┌─ SUPPLIED RECORDS

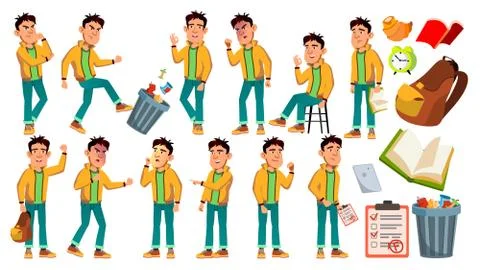 Asian Bad Boy Schoolboy Vector. High School Child. Children Study. Smile 스톡 일러스트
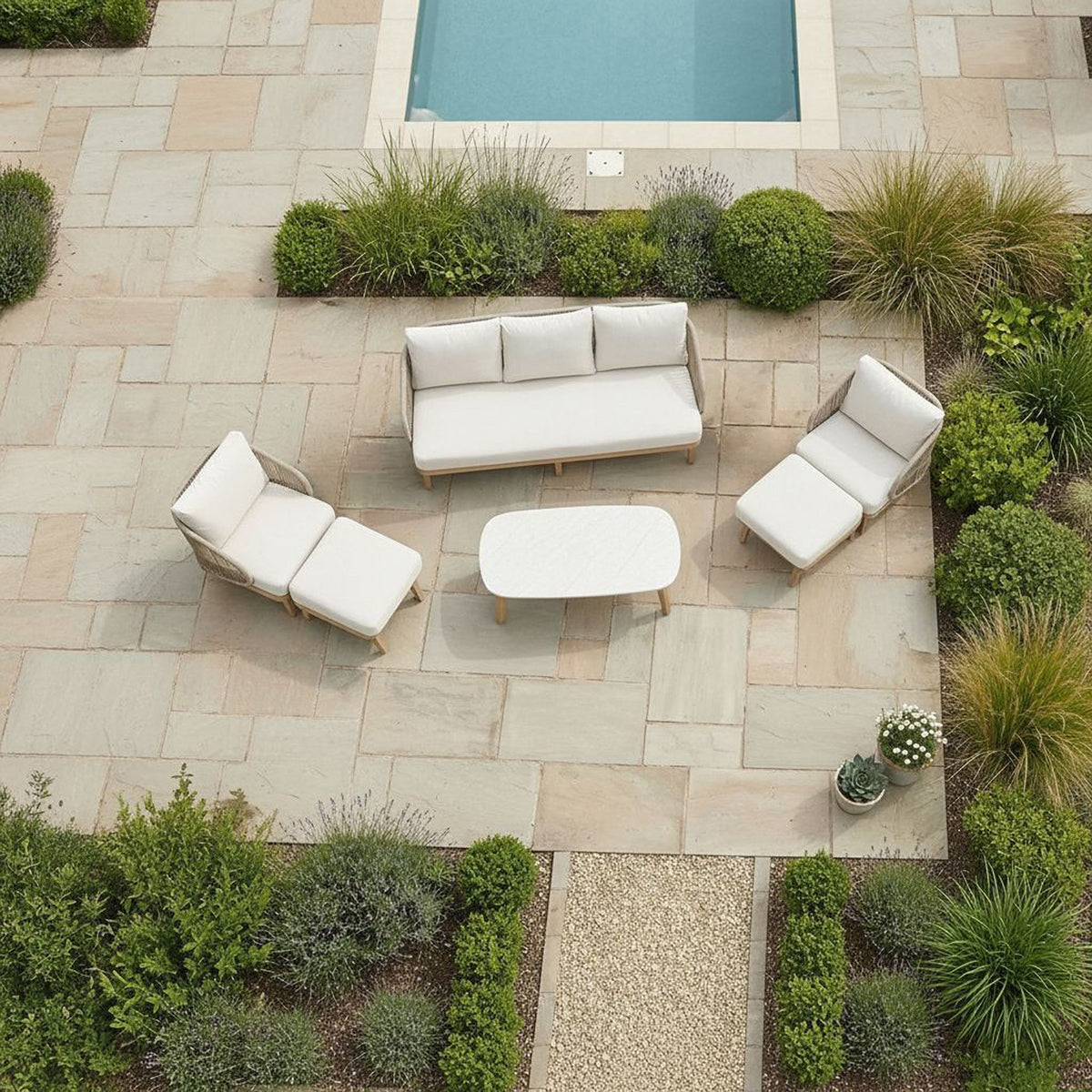 Bracken Outdoors Fairford Eucalyptus Wood and Rope Lounge Sofa Garden Furniture Set with Footstools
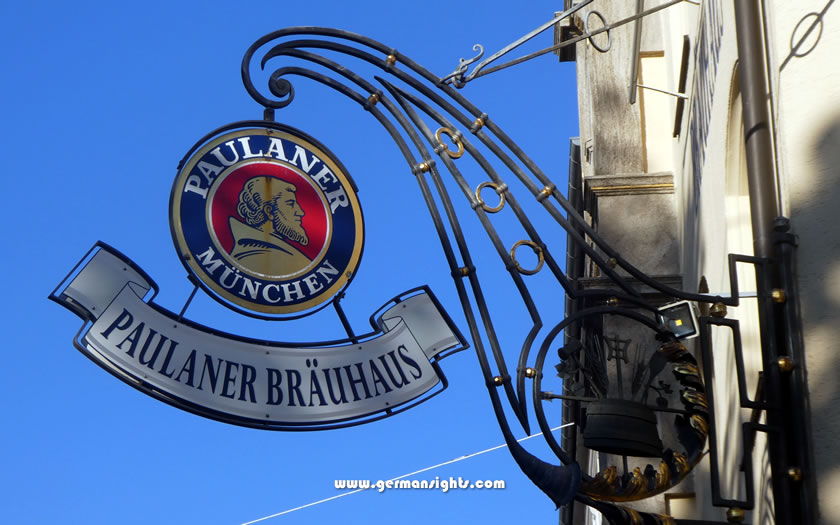 The famous sign of Paulaner beer in Munich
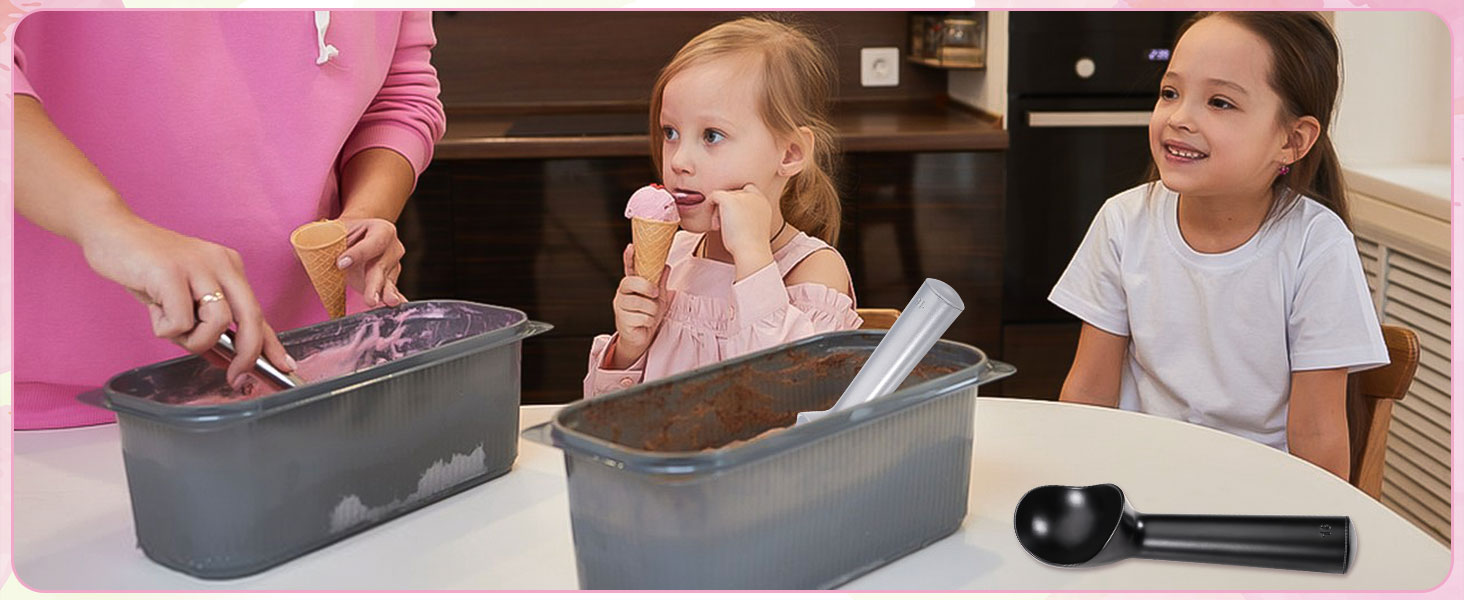 Pimoys 2.5oz Large Ice Cream Scoop 7 inches Nonstick Anti-Freeze Metal Ice Cream Scooper Spoon One Piece Aluminum Design, Bright Silver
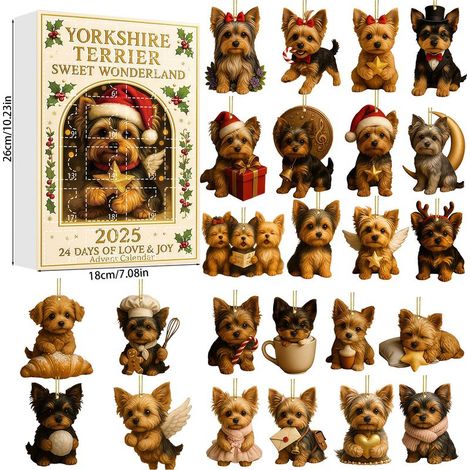 Calendrier de l'Avent de Noël avec animaux mignons, boîte surprise, 24 breloques plates en acrylique à suspendre, décorations pour sapin de Noël, coffret cadeau pour le compte à rebours des fêtes (1/5)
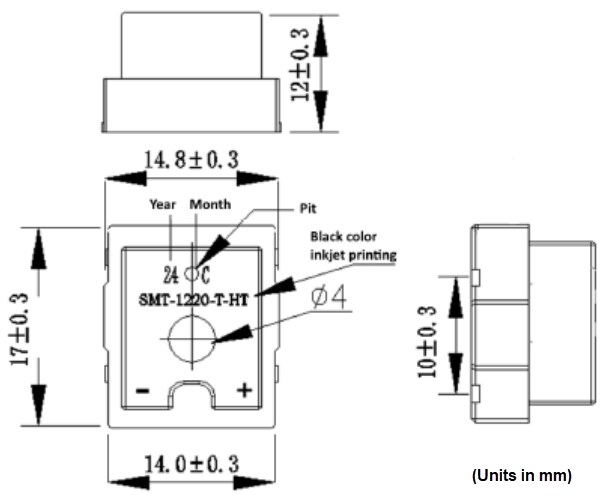 Mechanical Drawing - PUI Audio SMT-1720-T-HT Transducer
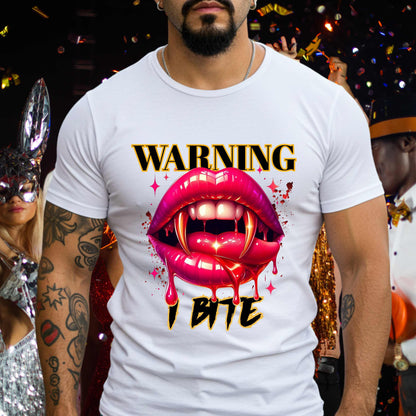 Funny Sarcastic Vampire Lips Halloween Shirt, Warning I Bite Graphic Tee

└─

- [WHAT THE TASK REQUIRES]: Repeat the records exactly but leave out the images.

- [COMPLETED EXERCISE]:
 Asian Bad Boy Schoolboy Vector. High School Child. Children Study. Smile 스톡 일러스트
 Bracken Outdoors Fairford Eucalyptus Wood and Rope Lounge Sofa Garden Furniture Set with Footstools
 The famous sign of Paulaner beer in Munich
 Pimoys 2.5oz Large Ice Cream Scoop 7 inches Nonstick Anti-Freeze Metal Ice Cream Scooper Spoon One Piece Aluminum Design, Bright Silver
 Calendrier de l'Avent de Noël avec animaux mignons, boîte surprise, 24 breloques plates en acrylique à suspendre, décorations pour sapin de Noël, coffret cadeau pour le compte à rebours des fêtes (1/5)
 Mechanical Drawing - PUI Audio SMT-1720-T-HT Transducer
 Funny Sarcastic Vampire Lips Halloween Shirt, Warning I Bite Graphic Tee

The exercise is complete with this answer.